Flink implements a (somewhat) pluggable, internal DT creation API. Support for new services can be added by implementing a DelegationTokenProvider that is then called by the delegation token manager when generating delegation tokens for an application.

Once they are created, the semantics of how DTs operate are also service-specific. But, in general, they try to follow the semantics of Kerberos tokens:

A “renewable period” (equivalent to TGT’s “lifetime”) stands for the DT’s validity length before it requires renewal.
A “max lifetime” (equivalent to TGT’s “renewable life”) stands for the time until the DT can be renewed.

Once the token reaches its “max lifetime”, a new one needs to be created by contacting the appropriate service, restarting the above process.

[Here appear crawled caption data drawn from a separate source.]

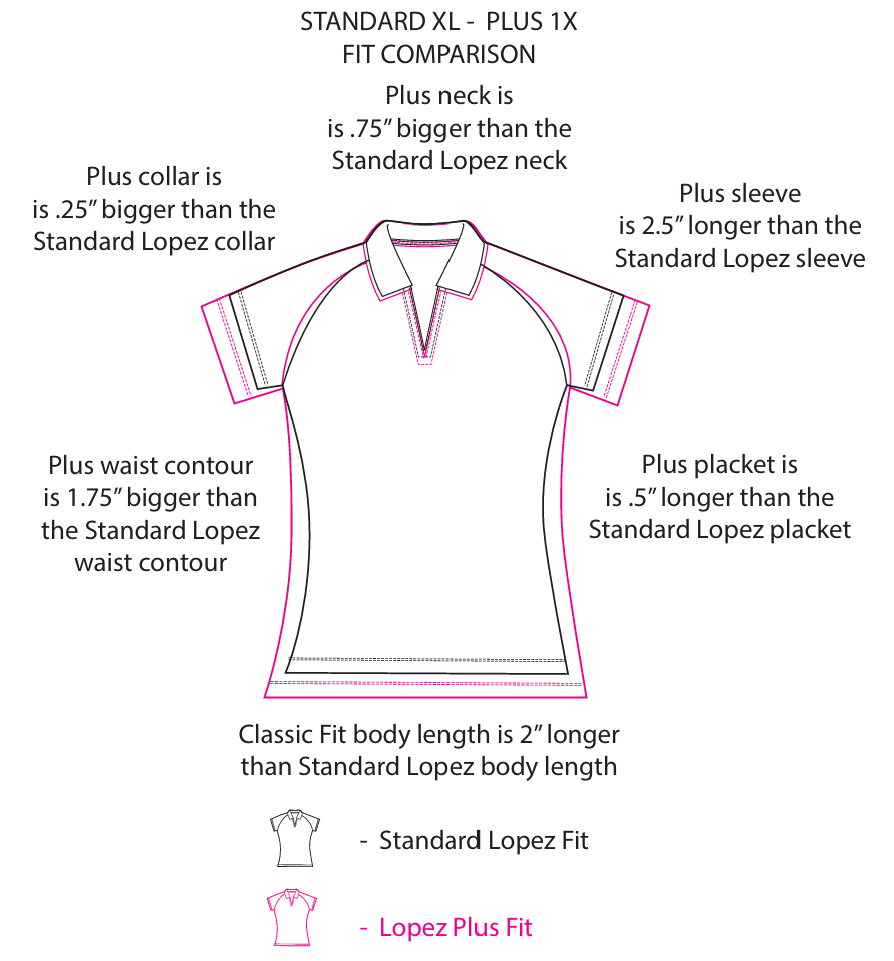 Nancy Lopez Triumph short sleeved polo - White multi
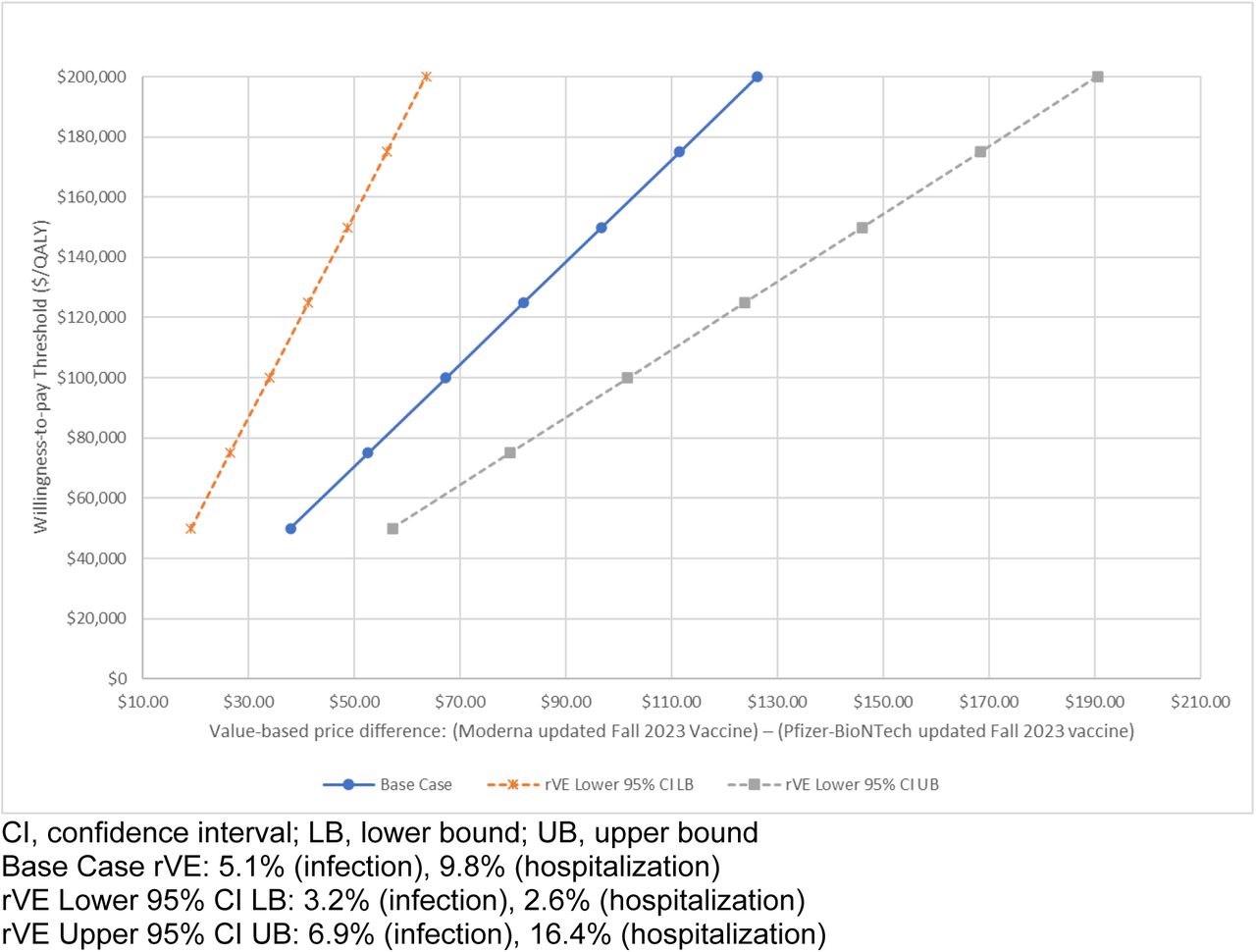 Incremental cost-effectiveness of the Moderna updated Fall 2023 vaccine compared with the Pfizer-BioNTech updated Fall 2023 vaccine across a range of price differences and relative vaccine effectiveness values
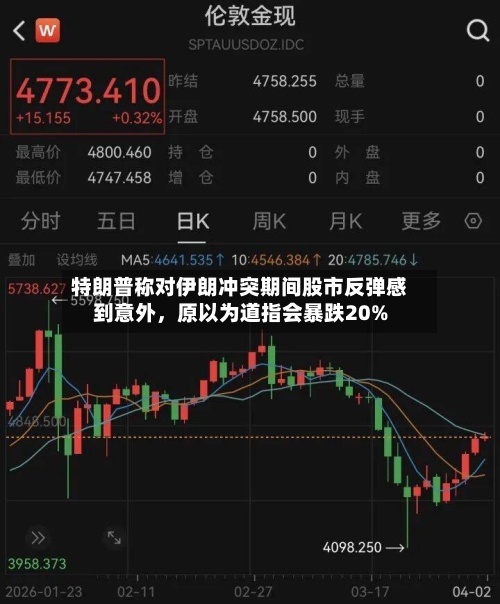 特朗普称对伊朗冲突期间股市反弹感到意外，原以为道指会暴跌20%-第2张图片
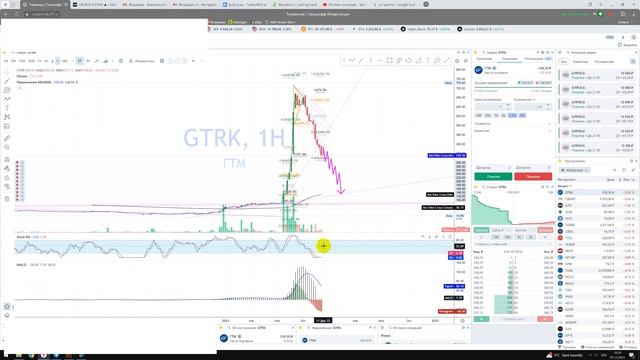 Прогноз GTRK Globaltruck РФ / Куда пойдёт цена? / По какой цене покупать продавать инвестировать? смотреть онлайн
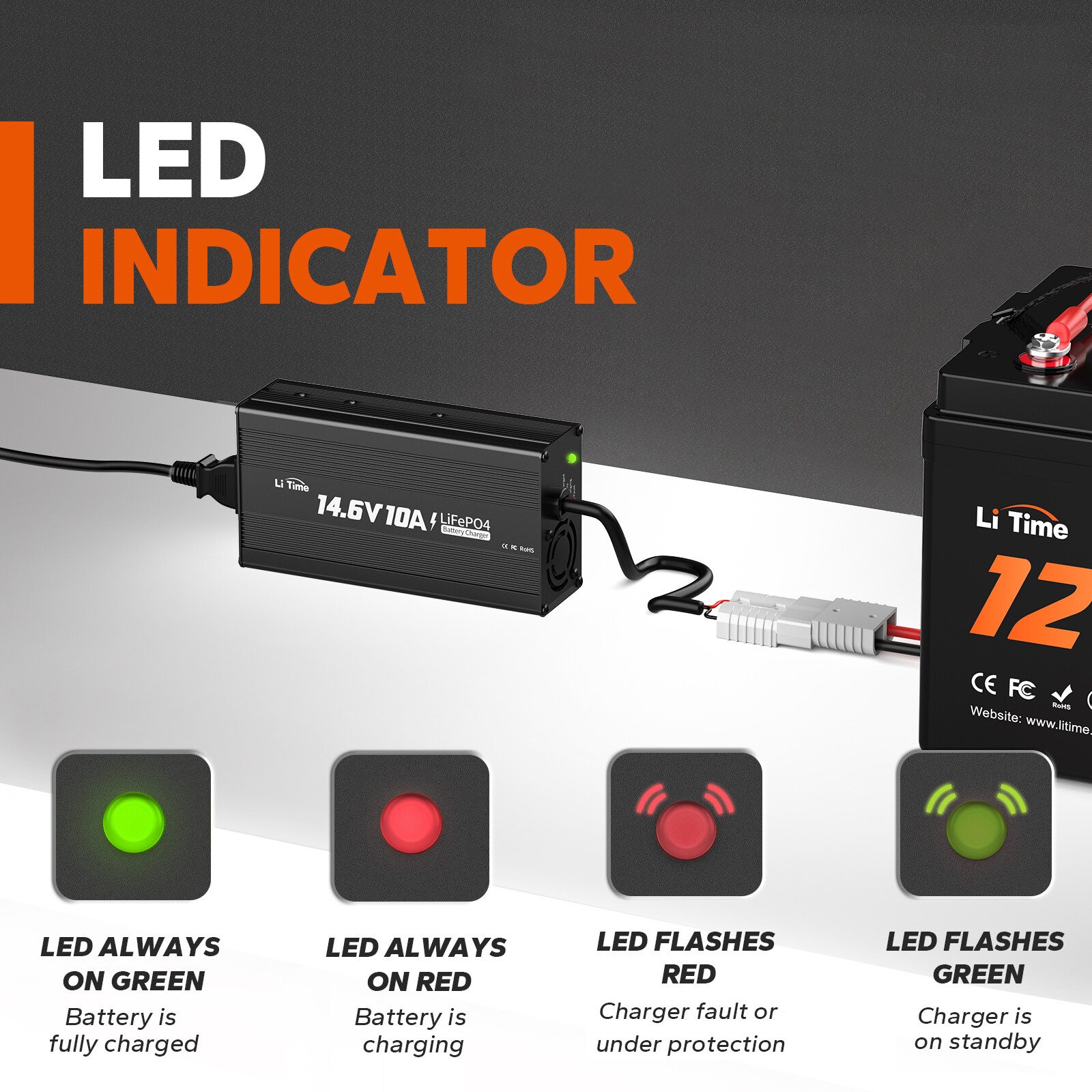 LiTime 14.6V 10A Smart Charger For 12V LiFePO4 Lithium Battery-Refurbished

Delegation Token Renewal and Renewers #

This is the most confusing part of DT handling, and part of it is because much of the system was designed with Apache Hadoop YARN in mind even though it extends to other services and mechanism.

As seen above, DTs need to be renewed periodically until they finally expire for good. An example of this is the default configuration of HDFS services: delegation tokens are valid for up to 7 days, and need to be renewed every 24 hours. If 24 hours pass without the token being renewed, the token cannot be used anymore. And the token cannot be renewed anymore after 7 days.

This raises the question: who renews tokens? And for a long time the answer was YARN.

When YARN applications are submitted, a set of DTs is also submitted with them. YARN takes care of distributing these tokens to containers (using conventions set by the UserGroupInformation API) and, also, keeping them renewed while the app is running. These tokens are used not just by the application, they are also used by YARN itself to implement features like log collection and aggregation.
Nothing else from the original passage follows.